Question

The GSAT algorithm is, for the most part, straight forward: You get a formula in conjunctive normal form and flip the literals of the clauses until you find a solution that satisfies the formula or you reach the max_tries/max_flips limit and find no solution.

I'm implementing the following algorithm:

procedure GSAT(A,Max_Tries,Max_Flips)
  A: is a CNF formula
  for i:=1 to Max_Tries do
    S <- instantiation of variables
    for j:=1 to Max_Iter do
      if A satisfiable by S then
        return S
      endif
      V <- the variable whose flip yield the most important raise in the number of satisfied clauses;
      S <- S with V flipped;
    endfor
  endfor
  return the best instantiation found
end GSAT

I'm having trouble interpreting the following line:

V <- the variable whose flip yield the most important raise in the number of satisfied clauses;

Isn't the maximum number of satisfied clauses what we're looking for? It seems to me that we're trying to use the solution or approximations to it to find the solution.

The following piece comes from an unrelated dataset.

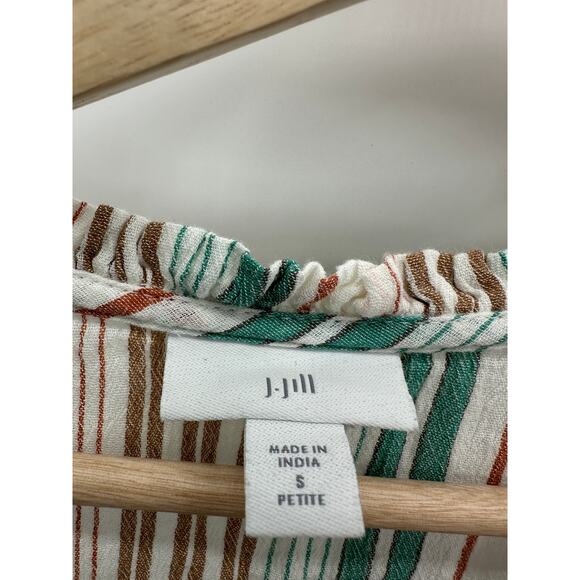 J. Jill Cream Striped Tank Top Size SP Tie Neck Tiered Boho Summer Resort - Picture 5 of 9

I've thought of some ways to do this but It'd be good to hear other points of view (The assumption is that once the variable is flipped once it is selected.):

  • Generate a state space with all possible flips and search the space for a literal that results in the best approximation to the goal state.
  • Randomly select the variable that I will flip starting with the literals that are more common.
  • Pick a random literal.
Was it helpful?

Solution

Isn't the maximum number of satisfied clauses what we're looking for?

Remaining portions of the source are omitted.